(EXCERPTED DATA)
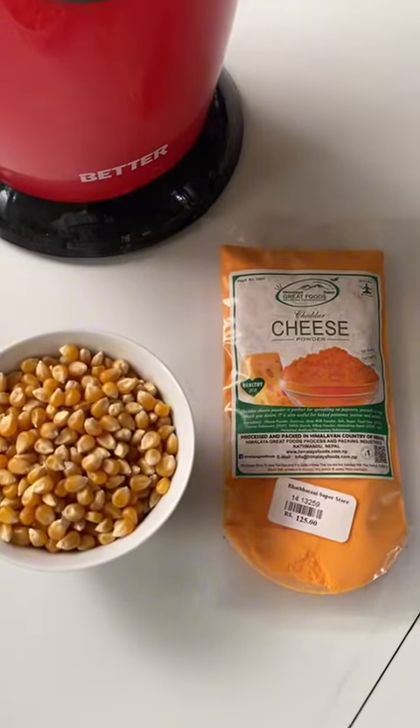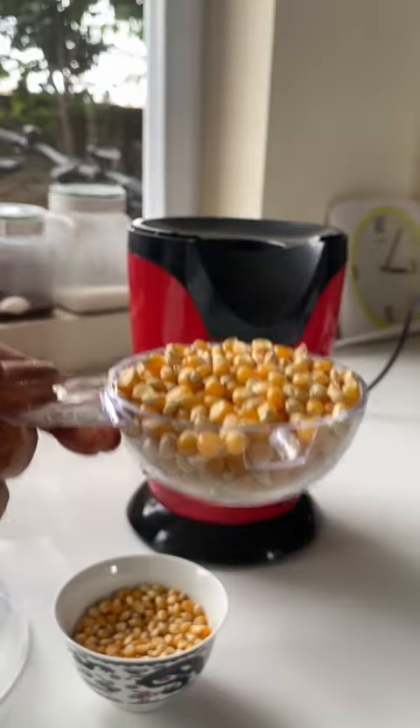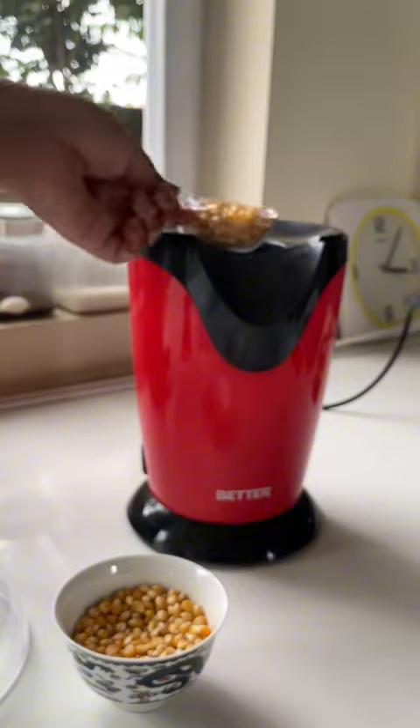All you need is cheese powder and popcorn or a popcorn maker. One of the better home appliances features on the popcorn maker is a measuring cup.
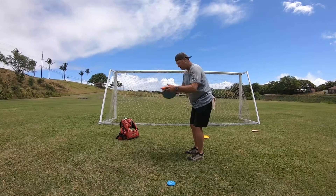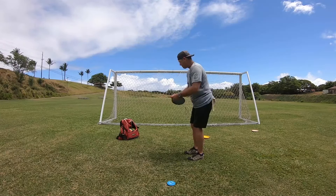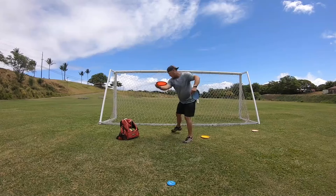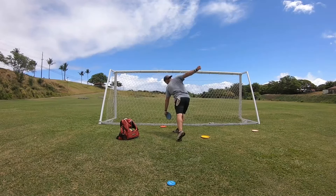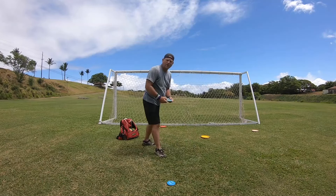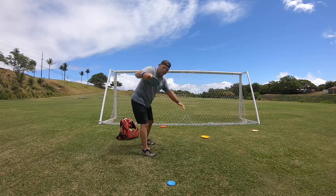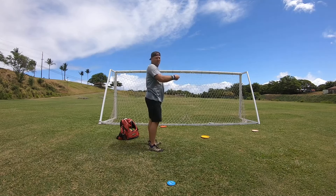It should look like this — just walk in, but bent over. Walk in bent over. You can see the disc went straight because my shoulder rotated up this way, not this way.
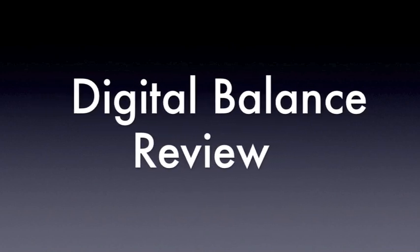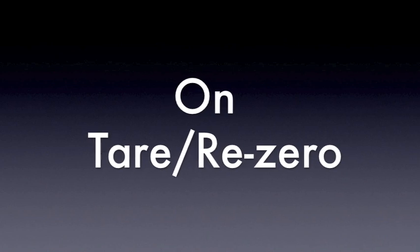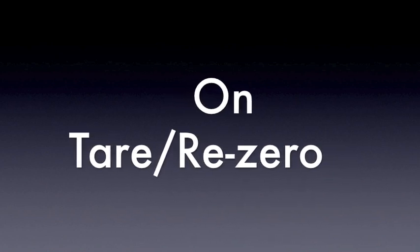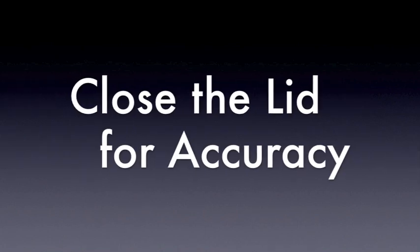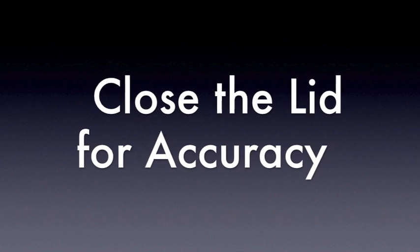Let's review. Remember that you must always set the mass of the weigh boat to zero. To do this, you must re-zero the balance by pressing the on button. Remember to close the lid to obtain the most accurate reading on the digital balance.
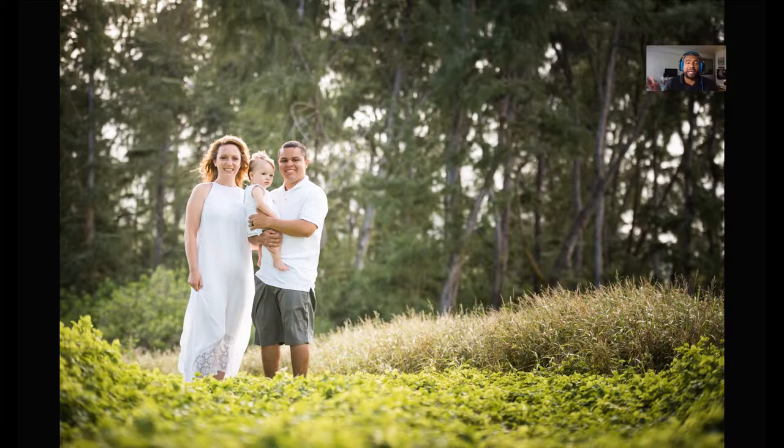I shot this session in Waimanalo here on the island of Oahu. It was a little bit towards the afternoon, maybe 4 or 5 p.m., so that's why you can see they're backlit right now. As soon as 5:30 or 6 o'clock hits, the sun's gonna be gone right behind the mountains. What I tried to do is start out the session in the green forest area and then finish off at the beach, because it's more open there and it's going to get dark soon.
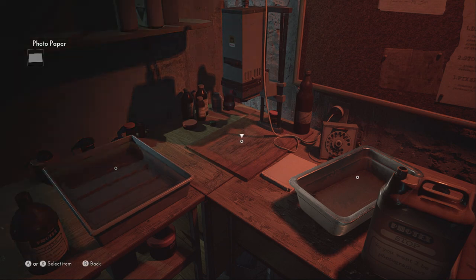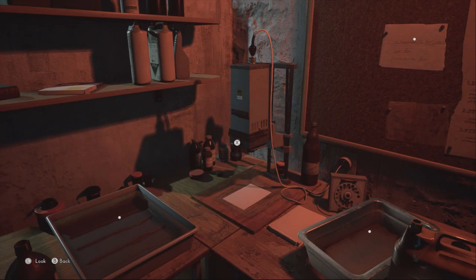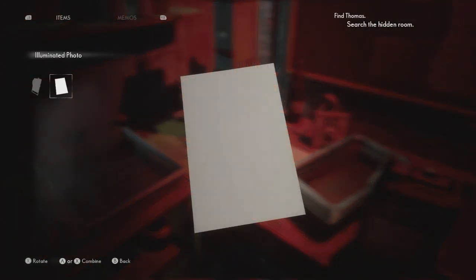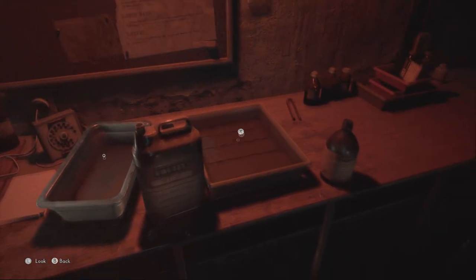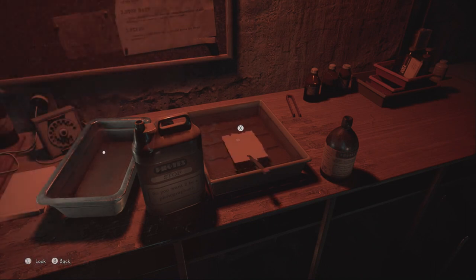And then lastly, it's just like the other photo we processed if you did that one. Five seconds under the light — the light actually has a beat to it, so you can see it pulse five times and then it's done, or you can basically just count to five. And then three seconds in each tray, right to left.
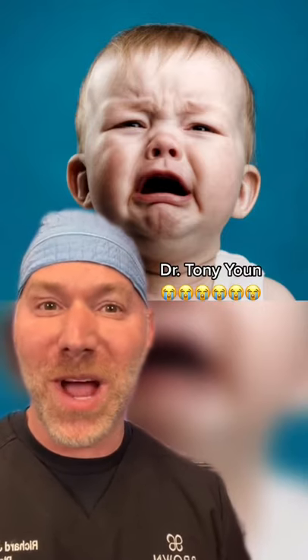It could be done in the office pain-free, unless your name is Dr. Tony Yoon, who cried like a little baby.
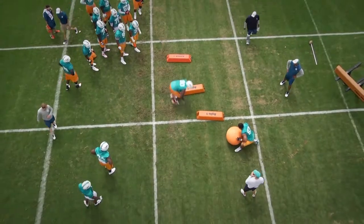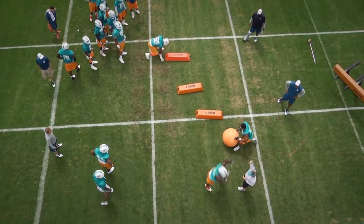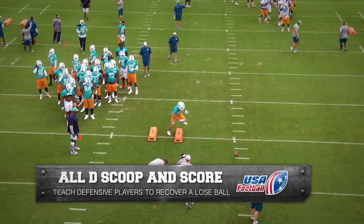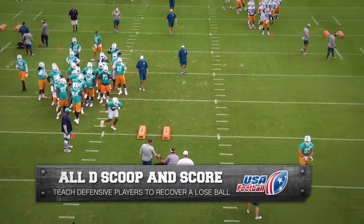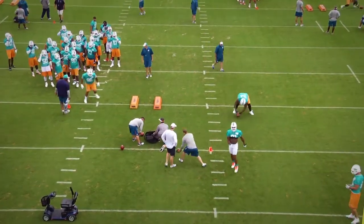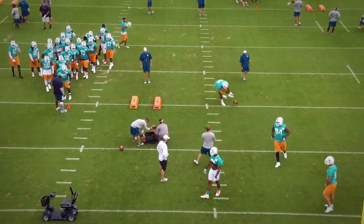Hi Coach, Andy Ryland, USA Football here, back with some more of our exclusive Miami Dolphins OTA film room. All Defense Scoop and Score Drill. The purpose of this drill is to teach all defensive players the proper technique for scooping and scoring when a fumble is on the ground.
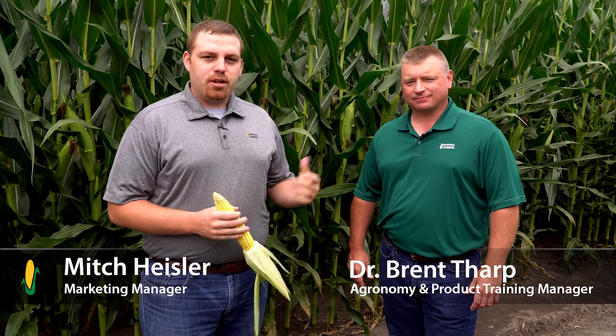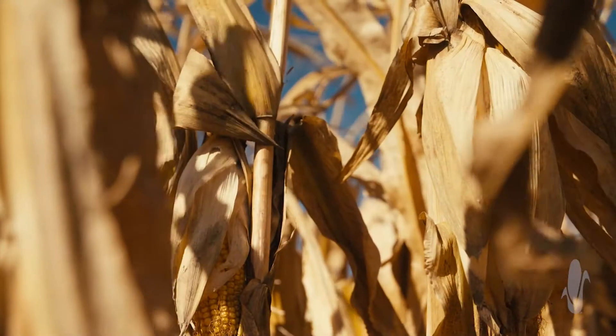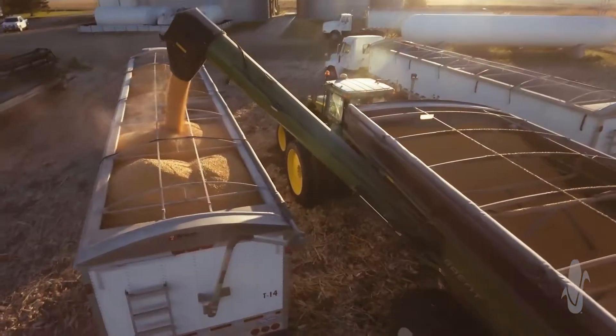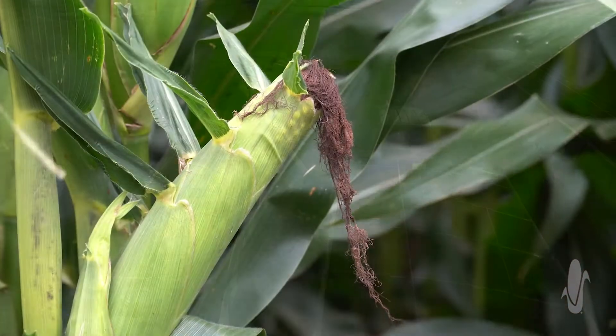Hello, my name is Mitch Heisler, here today with Dr. Brent Tharp, and we're going to talk about performing yield estimates. We're getting to the time of year after pollination when everybody's out trying to get an idea of what their crop looks like as they start to plan out harvest. This also gives you a chance to plan for your grain storage and grain marketing, and really get a feel for what you have out in the field.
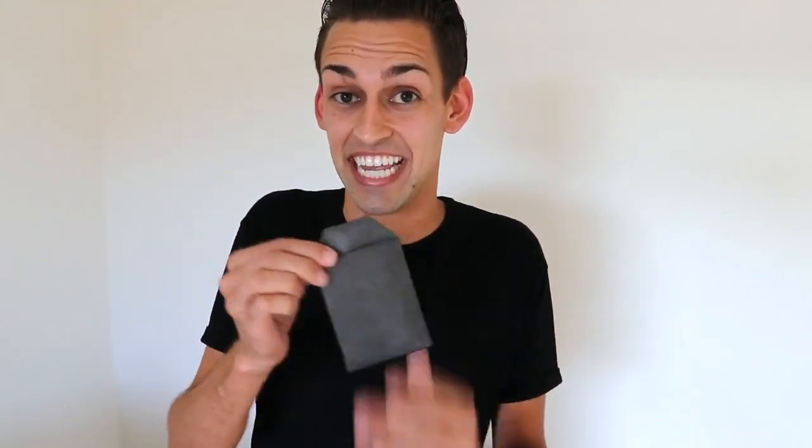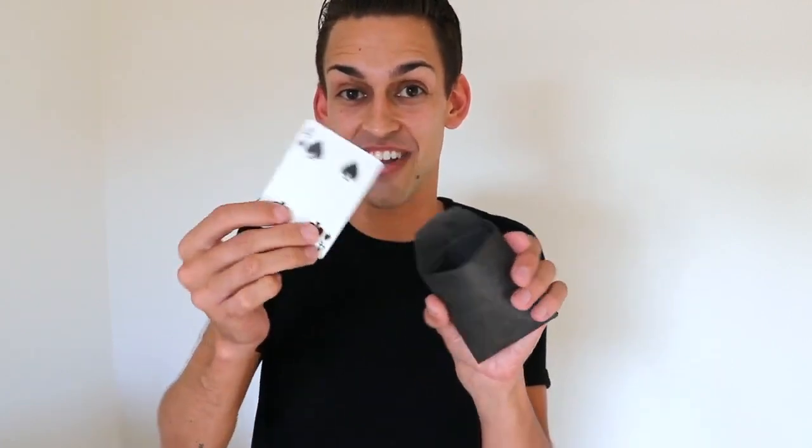These things are made on Tyvek so they'll last you a lifetime and they're super easy to use. All you have to do is hand the envelope to your spectator, they open it up, they look inside and all they're gonna find is any one of four different outs. My name is Blake Hoyt and this is the number four envelope.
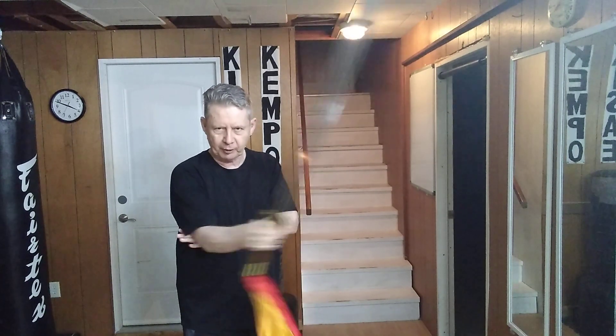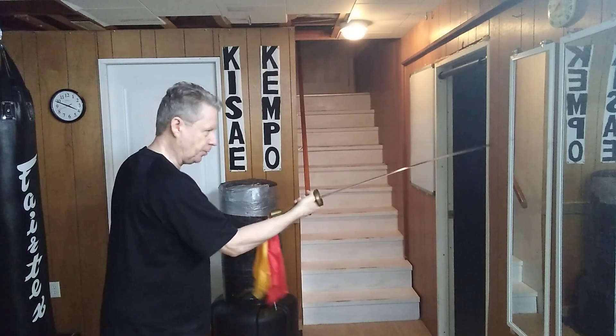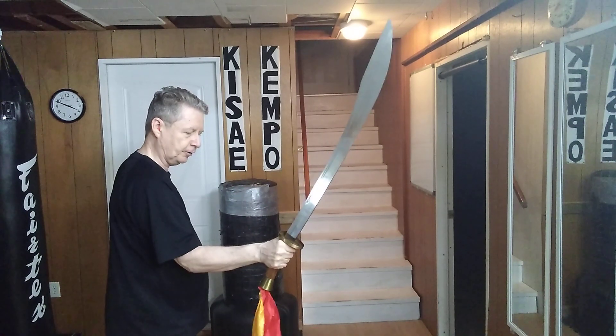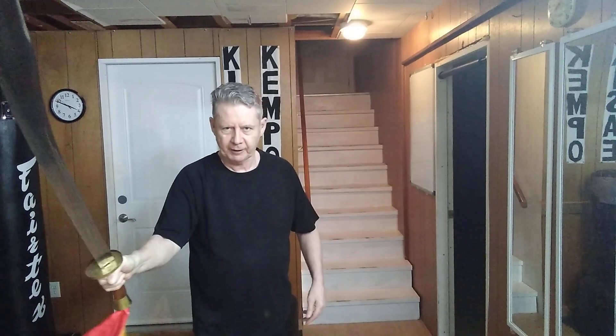I block it off to the side, keeping my elbow still — it comes right across to the side. So if I'm threatening the point here, when I guard it snaps across to the center. The idea is I give you the target, then I take it away — something like that.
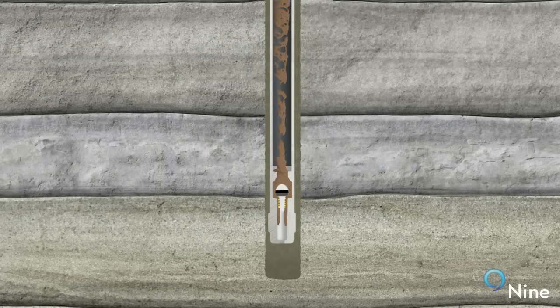Once the casing is at the desired depth, the hole is conditioned by circulating mud and moving the pipe as much as possible. This conditioning removes any remaining drill cuttings and mobilizes the mud in preparation for removal.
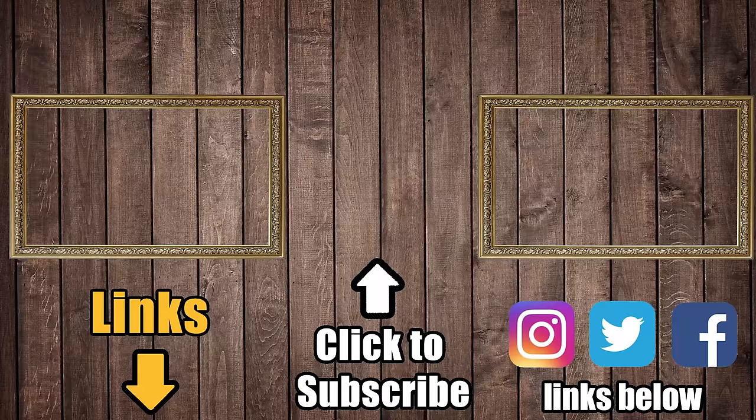Links in the description, and be sure to subscribe to Vacuum Wars. See you next time.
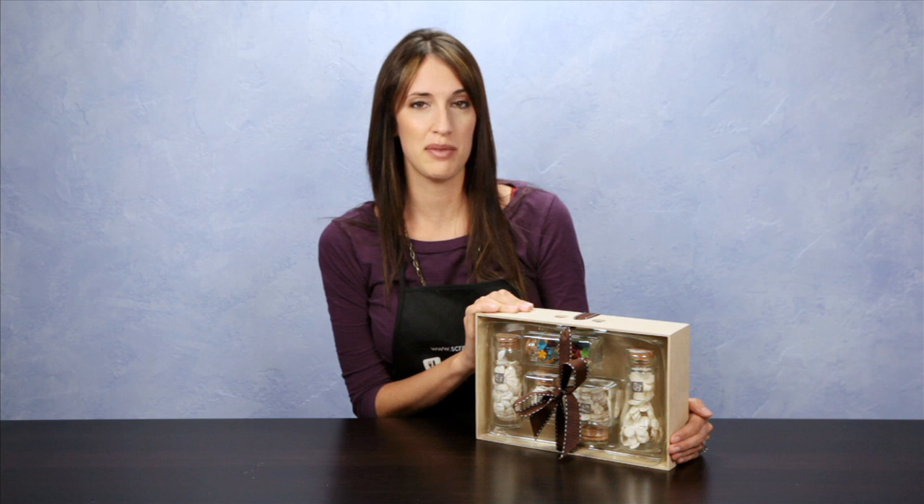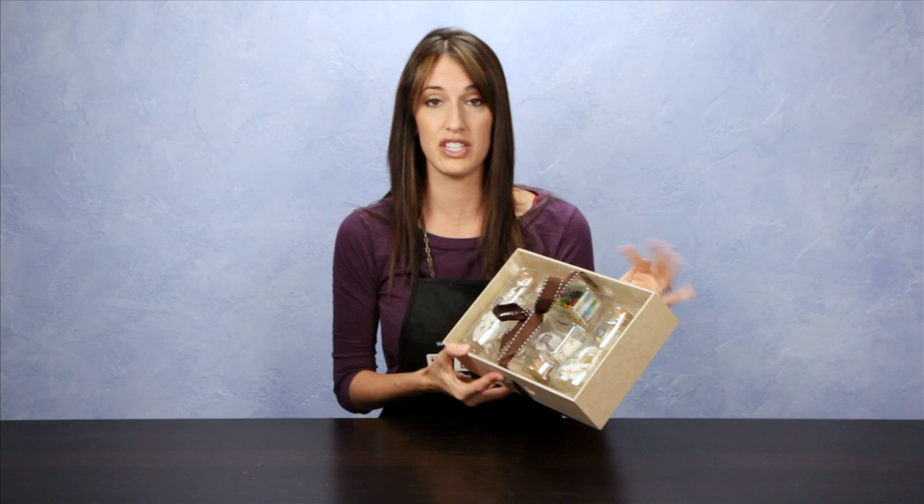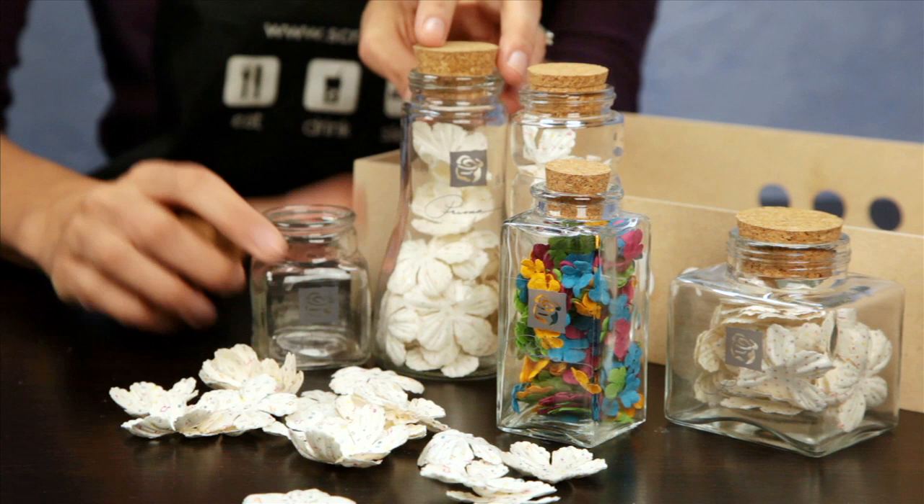This is the limited edition Prima flower kit. It has five apothecary glass jars that contain the mulberry paper flowers, and it does come with this tray. The glass jars contain different flowers in each and they do have the cork lids.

(DESCRIPTION OF THE TASK)
What you give back must be exactly the lines from the opening line of the entries through the line holding "It should look", with no pictures.

(RESULT FOR THIS EXERCISE)
All you need is cheese powder and popcorn or a popcorn maker. One of the better home appliances features on the popcorn maker is a measuring cup.
It should look like this — just walk in, but bent over. Walk in bent over. You can see the disc went straight because my shoulder rotated up this way, not this way.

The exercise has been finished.